É sintomático de uma sociedade hipócrita que, um filme criado para criticar privilégios, lance mão de todos os estereótipos possíveis para tentar manchar a imagem de todos aqueles que não os detém. No fim, fica bem evidente que os roteiristas não sabem escrever personagens que não sejam como eles: homens cisgênero, brancos e heterossexuais.
Não bastasse a representação de Rasputin associada a ideias homofóbicas, o papel de Shola na história é reduzido ao estereótipo racista de “negro mágico”, que apenas guia o mocinho branco sem motivações próprias; enquanto o papel da Polly cai no misógino lugar-comum da mulher que ajuda seu amado a cumprir seus objetivos, sem nenhuma agência do seu próprio destino. Acaba que os principais coadjuvantes do filme se tornam caricaturas unidimensionais sem profundidade.

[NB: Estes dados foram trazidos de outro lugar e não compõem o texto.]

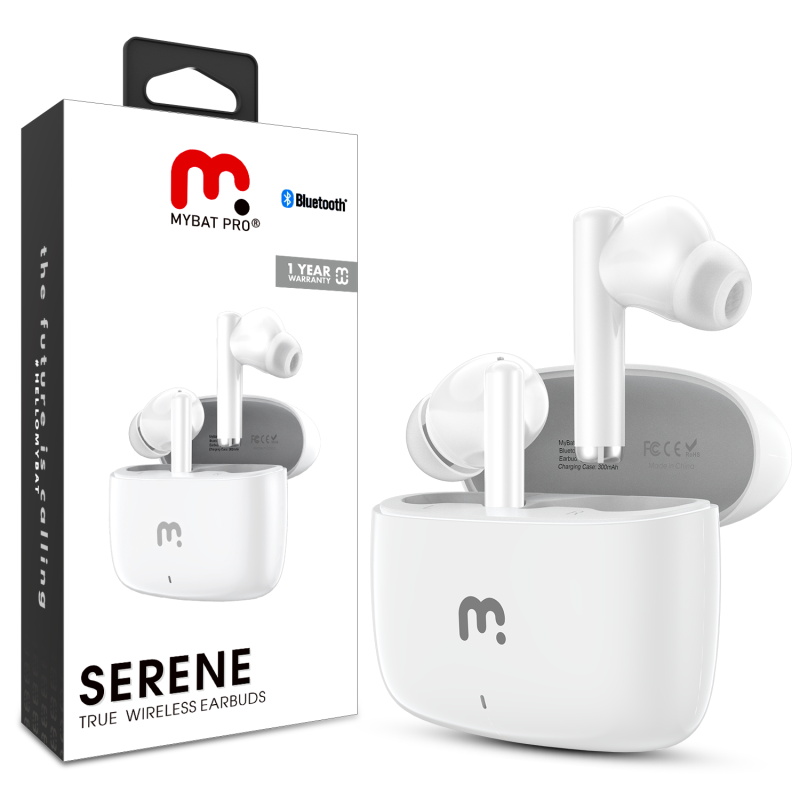 Picture of MyBat Pro Serene True Wireless Earbuds -  White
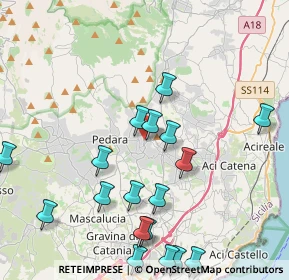 Mappa Via Antonello da Messina, 95039 Trecastagni CT, Italia (5.39)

Esta insistente falta de autocritica desarma todo o potencial catártico dos grandes vilões da trama. Afinal, as grandes mentes por trás da conspiração que movimenta a trama são os monstros criados pela manutenção de antigos privilégios. Caso o protagonista apresentasse algum pingo de coerência, esta seria uma ótima oportunidade para discutir o que pode ser feito para reparar os erros históricos, como as brutais incursões britânicas citadas no próprio longa. Mas isso é infelizmente deixado de lado em prol de preparar o terreno para possíveis sequências.
No fim, King’s Man — A Origem sabe exatamente o que precisa ser dito, mas nunca encontra em si coragem o suficiente para dizer. É como se a mensagem deste filme se perdesse no meio do caminho e apenas um som abafado escapasse. Fraco demais para causar um impacto, deixa aquela sensação decepcionante que algo incrível poderia ter surgido, mas acabou se perdendo ao insistir em se manter cego aos próprios privilégios. Quando os créditos rolam, fica a sensação de um longa contentado em ser apenas mais um filme de ação.